En outre, il y a lieu d’ordonner la capitalisation annuelle des intérêts qu seront dus pour une année entière au moins en vertu de l’article 1343-2 du Code civil.
IV) Sur les autres demandes
Sur les dépens
En application de l’article 696 du Code de procédure civile, la partie perdante est condamnée aux dépens, à moins que le juge par décision motivée, n’en mette la totalité ou une fraction à la charge d’une autre partie.
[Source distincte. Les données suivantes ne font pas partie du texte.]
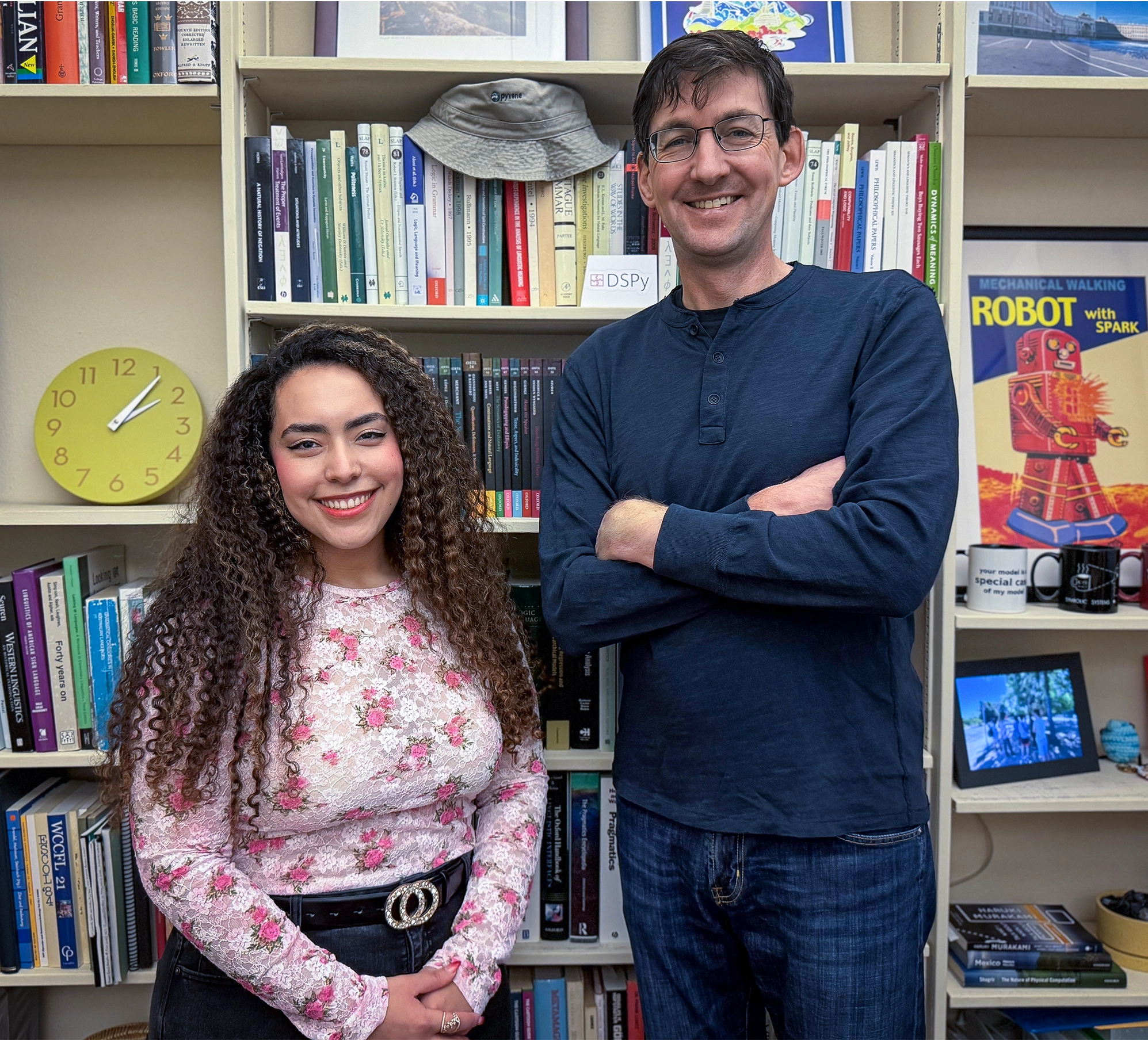 Julie Kallini and Christopher Potts in front of a full bookshelf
En l’espèce, M.[C] partie perdante sera condamné aux dépens
Sur les demandes au titre de l’article 700 du Code de procédure civile
En application de l’article 700 du Code de procédure civile, le juge condamne la partie tenue aux dépens ou qui perd son procès à payer à l’autre partie la somme qu’il détermine au titre des frais exposés et non compris dans les dépens. Le juge tient compte de l’équité ou de la situation économique de la partie condamnée. Il peut, même d’office, pour des raisons tirées des mêmes considérations, dire qu’il n’y a lieu à condamnation.
M. [C] partie perdante, sera condamné au paiement de la somme de 1 500 euros à la […] au titre de l’article 700 du Code de procédure civile.
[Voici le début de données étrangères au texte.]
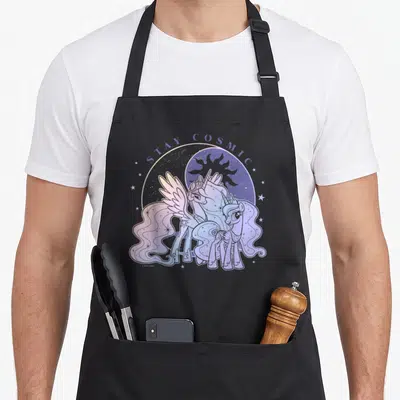 Stay magic apron - Two ponies under STAY COSMIC text with moon sun purple blue pink white — shown on a black cotton canvas apron against a white background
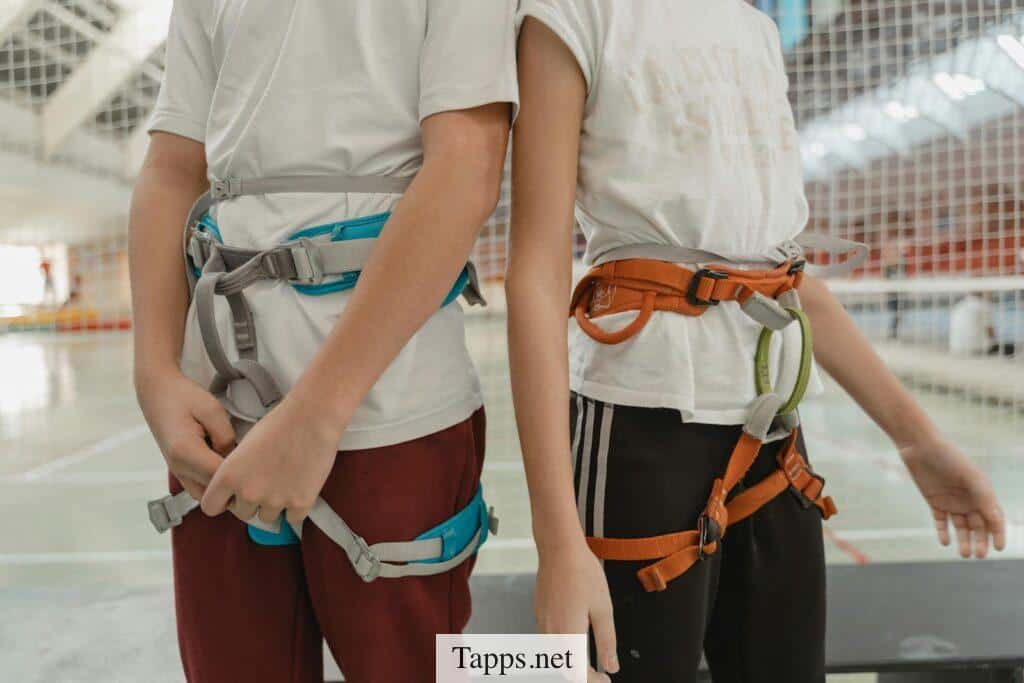 Person in White T-shirt With Brown and Blue Leather Sling Bag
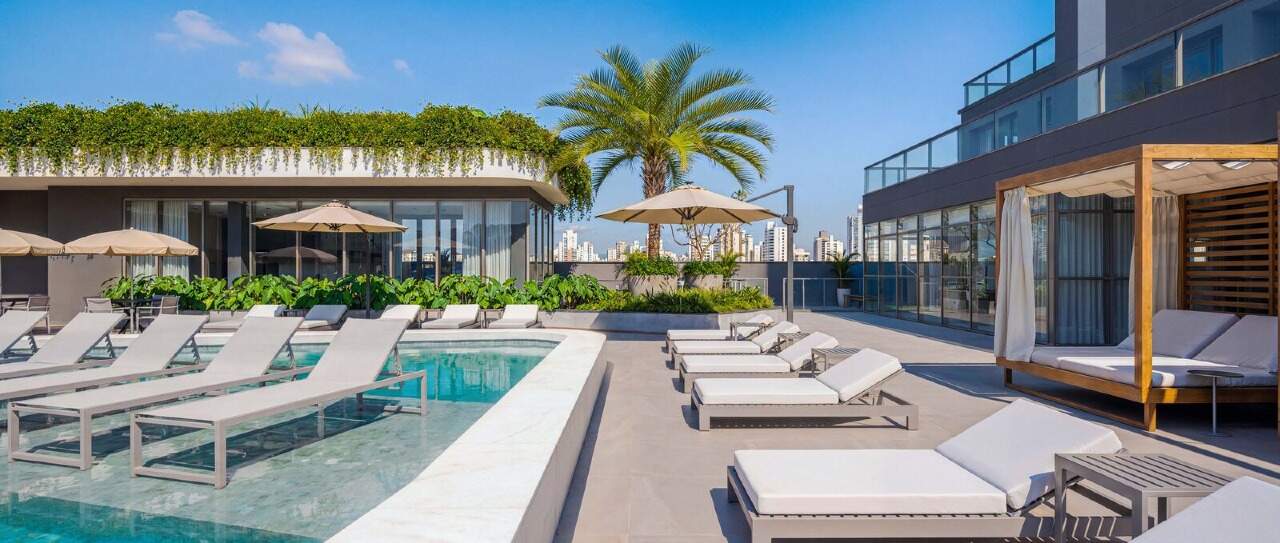 Apartamento diferenciado à venda no Centro: Solário com espreguiçadeiras junto às piscinas do Luminare (imagem ilustrativa)
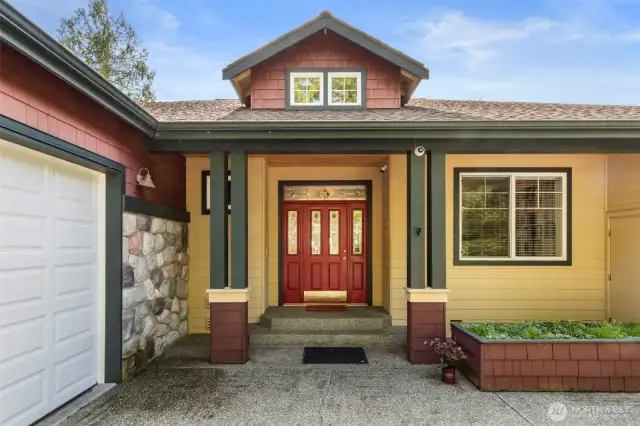 This charming covered entry is bright and welcoming.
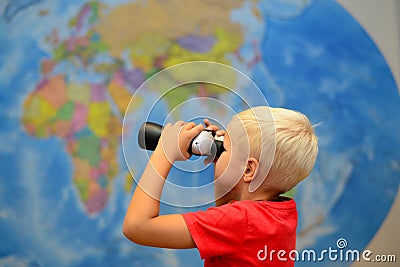 Happy child with binoculars are dreaming about traveling, journey. Tourism and travel concept. Creative background. Stock Photo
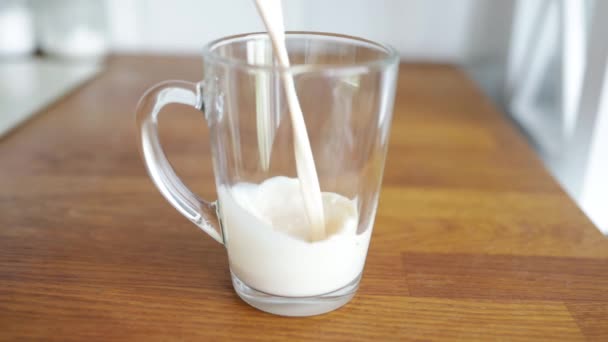 ガラスカップに牛乳を閉じます ヨーグルトとガラス 乳製品の概念 朝は乳糖を含まない生乳を飲む — ストック動画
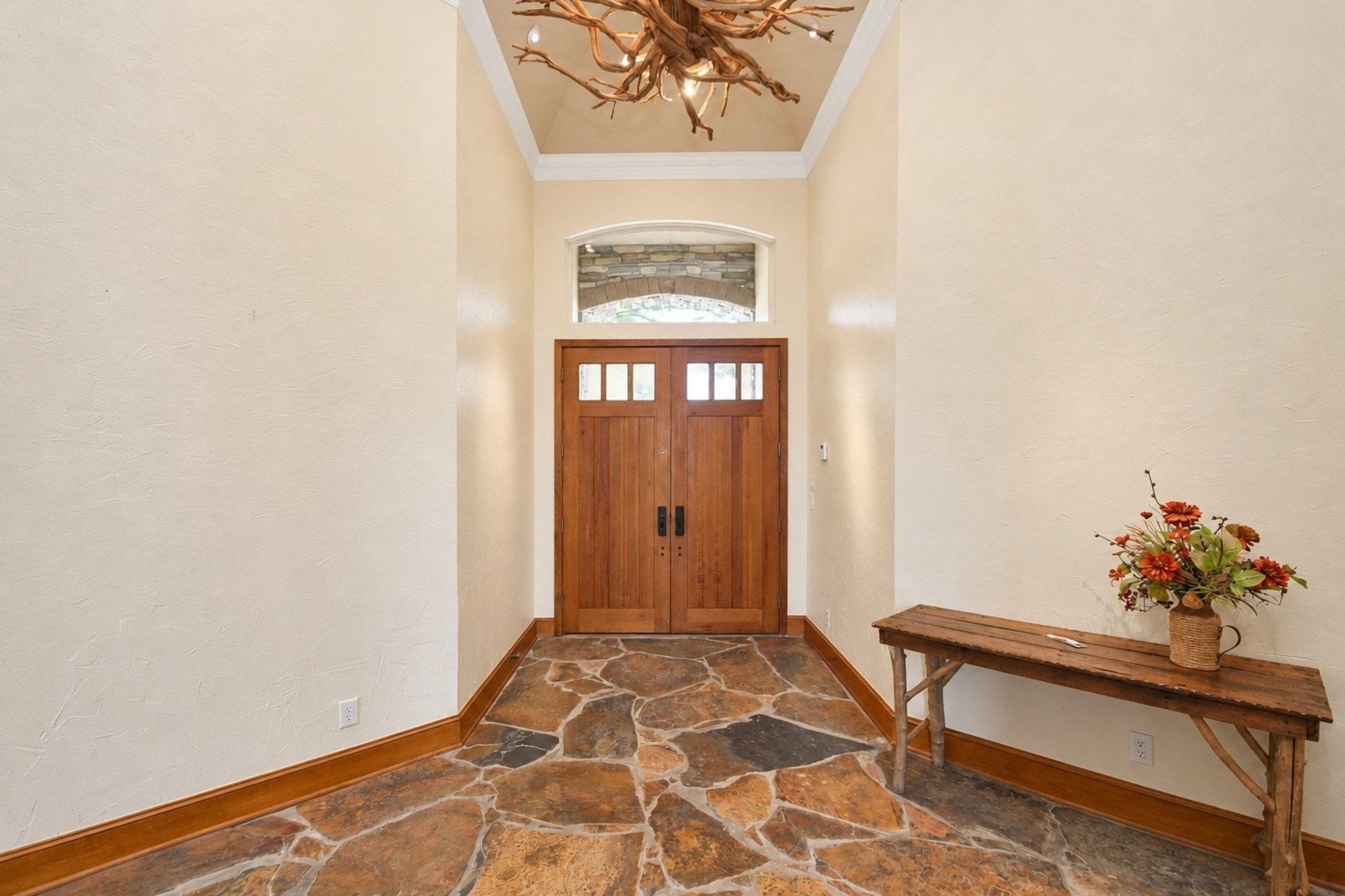 Entrance includes grand with slate floors and custom light fixtures!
La demande de M.[C] formée à ce titre sera rejetée.
Sur l’exécution provisoire
L’article 514 du Code de procédure nouvelle prévoit que les décisions de première instance sont de droit exécutoires à titre provisoire à moins que la loi ou la décision rendue n’en dispose autrement.
Aux termes de l’article 514-1 du Code de procédure civile, le juge peut écarter l’exécution provisoire de droit, en tout ou partie, s’il estime qu’elle est incompatible avec la nature de l’affaire.
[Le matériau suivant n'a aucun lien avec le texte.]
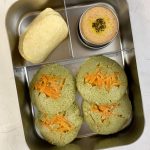 Spinach idli with peanut chutney and chips in bento steel lunch box
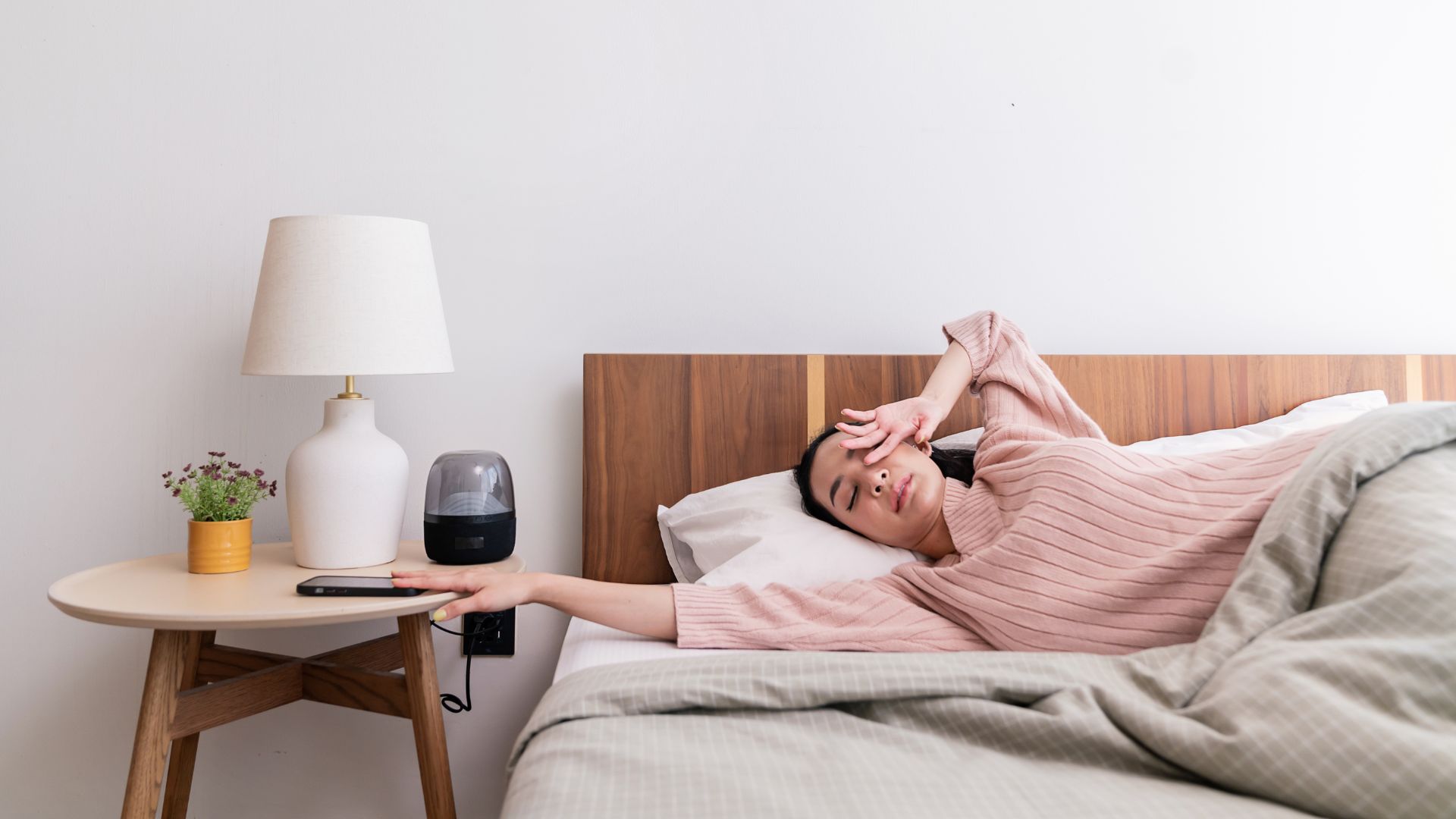 A woman wakes up in the morning, looking tired, and reaching for her phone with one hand to see how much she has overslept on the weekend compared to the time she normally gets up for work each day.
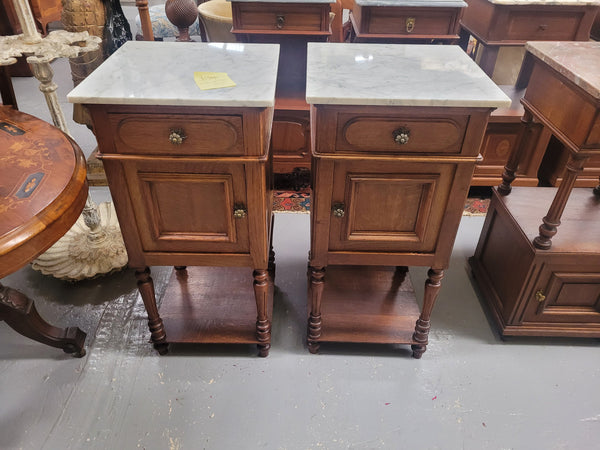 Antique French Oak Henry II white marble top bedside cabinets. They have one drawer and cupboard a long with an open shelf at the bottom. Sourced from France and in good original detailed condition.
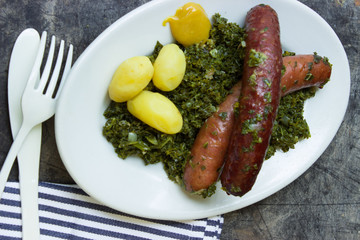 Original Grünkohl mit Pinkel, Kartoffeln, Senf, blauweiße Serviette, Besteck, auf Grau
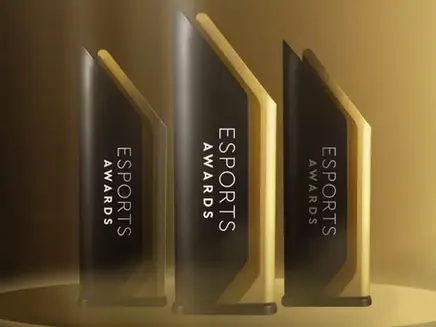 Three sleek black and gold Esports Awards trophies stand on a podium. The background is a warm gradient of gold tones, creating a prestigious mood.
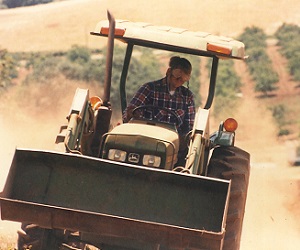Jim Bernau clearing the land in the early 1980s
En l’espèce, il n’y a pas lieu d’écarter l’exécution provisoire de la présente décision.
PAR CES MOTIFS
Le tribunal statuant publiquement, par jugement contradictoire et en premier ressort, mis à disposition au greffe,
DECLARE recevable l’opposition formée par M. [K] [C] le 28 juillet 2023;
MET à néant l’ordonnonance en date du 7 juin 2023;
Statuant à nouveau,
CONDAMNE M. [K] [C] à payer à la […] les sommes de:
-160,20 euros ( CENT SOIXANTE EUROS ET VINGT CENTIMES) avec intérêts au taux légal à compter du présent jugement ;
-520,52 euros ( CINQ CENT VINGT EUROS ET CINQUANTE DEUX CENTIMES) avec intérêts au taux légal à compter du présent jugement ;
-21 174,40 euros (VINGT ET MILLE CENT SOIXANTE QUATORZE EUROS ET QUARANTE CENTIMES) avec intérêts au taux légal à compter du 28 février 2023 jusqu’à complet règlement ;
ORDONNE la capitalisation des intérêts qui seront dus pour une année entière au moins ;
REJETTE la demande de suspension des effets de la clause résolutoire du crédit bail mobilier ;
REJETTE la demande de délai de paiement présentée par M.[K] [C];
CONDAMNE M.[K] [C] en paiement à la […] la somme de 1 500 euros ( MILLE CINQ CENT EUROS) au titre de l’article 700 du Code de procédure civile ;
REJETTE la demande de M.[K] [C] au titre de l’article 700 du Code de procédure civile ;
CONDAMNE M.[K] [C] aux dépens ;
RAPPELLE que la présente procédure est exécutoire à titre provisoire.
Et ce jugement a été signé par le Président et le Greffier.